Quando ancora non c’è abbastanza luce perché il fitoplancton possa crescere negli oceani, la popolazione di alghe residenti sul ghiaccio marino rappresenta l’unica fonte di cibo per il resto della catena alimentare di tutto il mar Glaciale Artico
Il mar Glaciale Artico rappresenta appena il 3% dell’oceano globale, ma è responsabile dell’assorbimento del 14% di carbonio dell’oceano globale. Questo lo rende un importante serbatoio per l’accumulo dell’anidride carbonica atmosferica.
Negli ultimi decenni il ghiaccio marino nell’Artico si è drasticamente ridotto, causando possibili alterazioni del ciclo del carbonio e conseguenze ancora in gran parte sconosciute.

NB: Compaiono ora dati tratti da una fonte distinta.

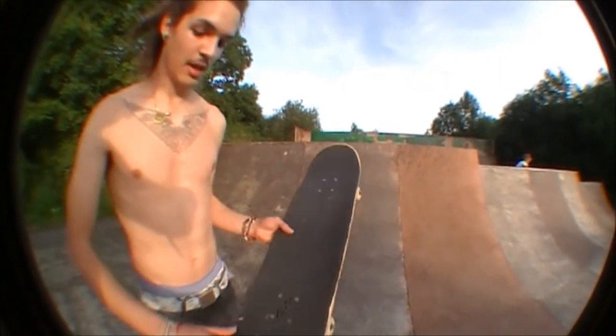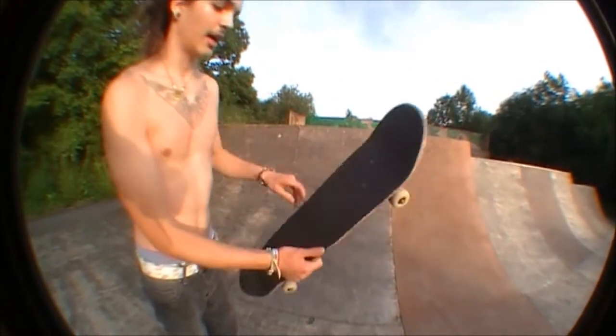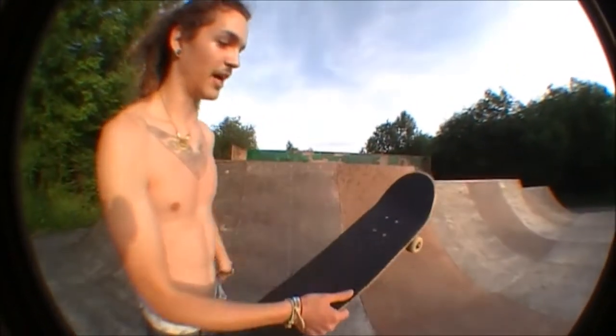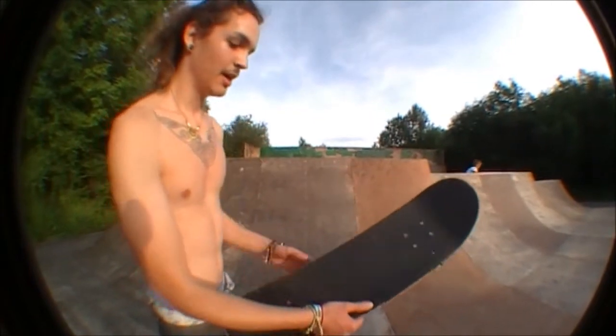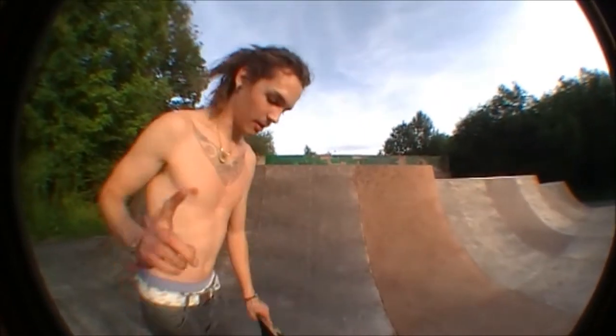You want to be going along obviously, you want to pop it down and kick back a bit so it does like a shove it. And then you just want to flick the front foot out straight off the front here, off this little pocket, and it should just flip round. So I'll show you a couple.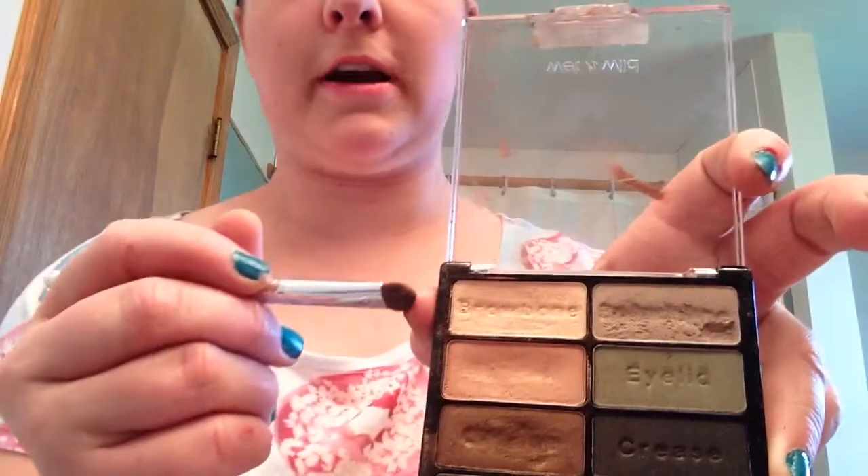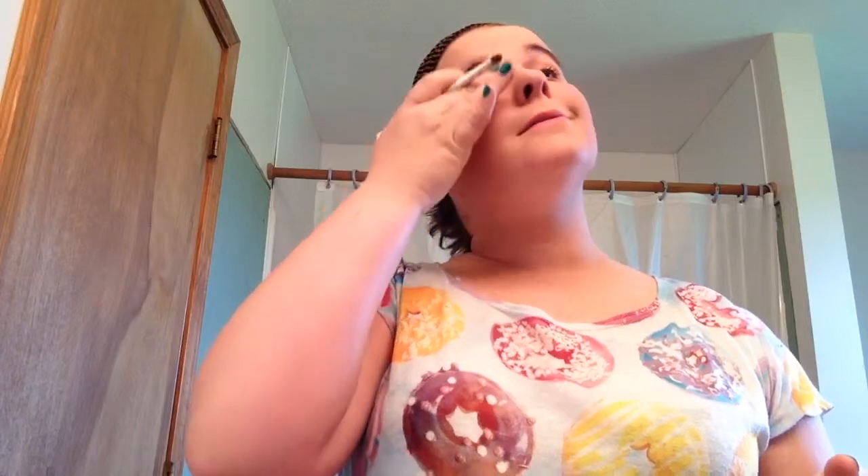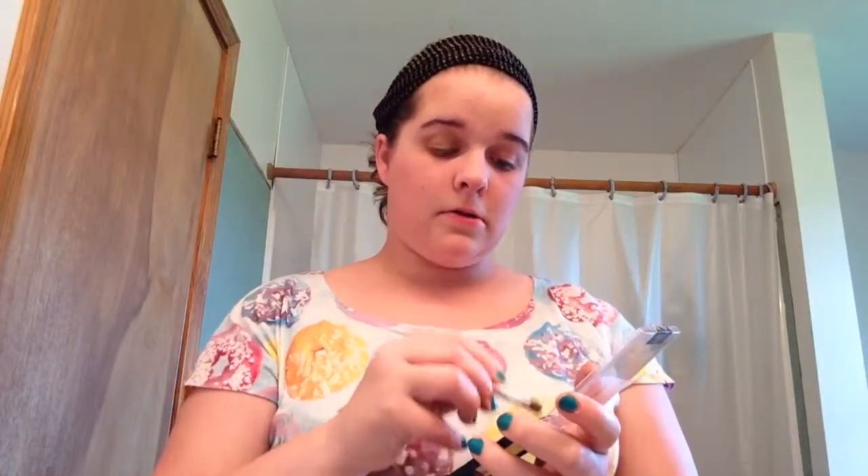I normally use the light side — it's like a gold kind of shade right here. There's one for your brow bone, one for your eyelid which is my favorite color because I really like a gold shiny look, and then there's a really dark brown that you mix in. I use my finger to spread it around, and then you do the other eye.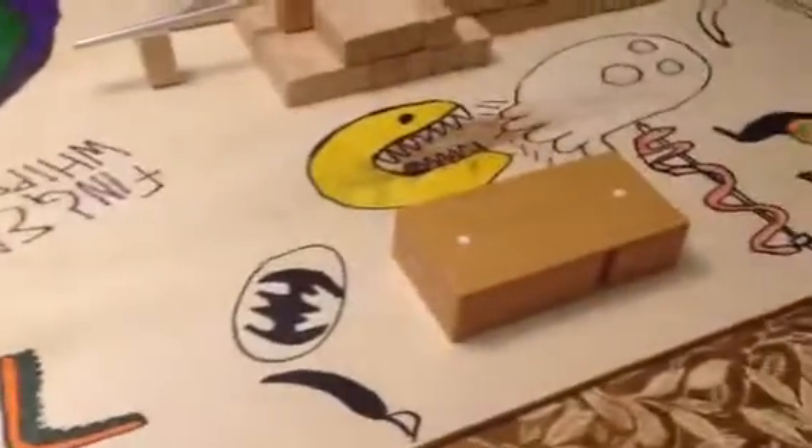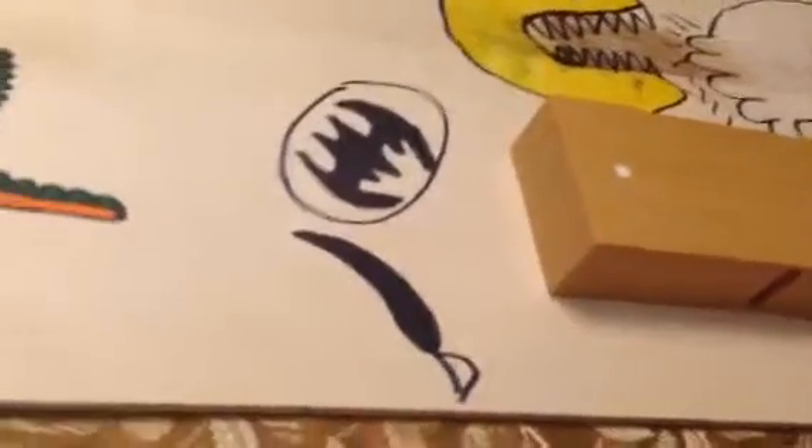I'll be doing a rewind on this box thing. It's hard — I'm doing the camera and the fingers. That's what it will look like.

In uno studio pubblicato di recente sulla prestigiosa rivista «Science Advances», Letizia Tedesco, senior researcher presso il Marine Research Centre of the Finnish Environment Institute di Helsinki (Finlandia), Marcello Vichi, Professore Associato del Dipartimento di Oceanografia dell’Università di Città del Capo (Sud Africa) ed Enrico Scoccimarro, senior researcher della Fondazione Cmcc – Divisione Csp – Climate Simulation and Prediction di Bologna, hanno analizzato come le variazioni previste di neve e ghiaccio marino possano influenzare la produzione primaria delle alghe che popolano la cosiddetta zona simpagica, quella zona che si trova cioè in prossimità del ghiaccio marino.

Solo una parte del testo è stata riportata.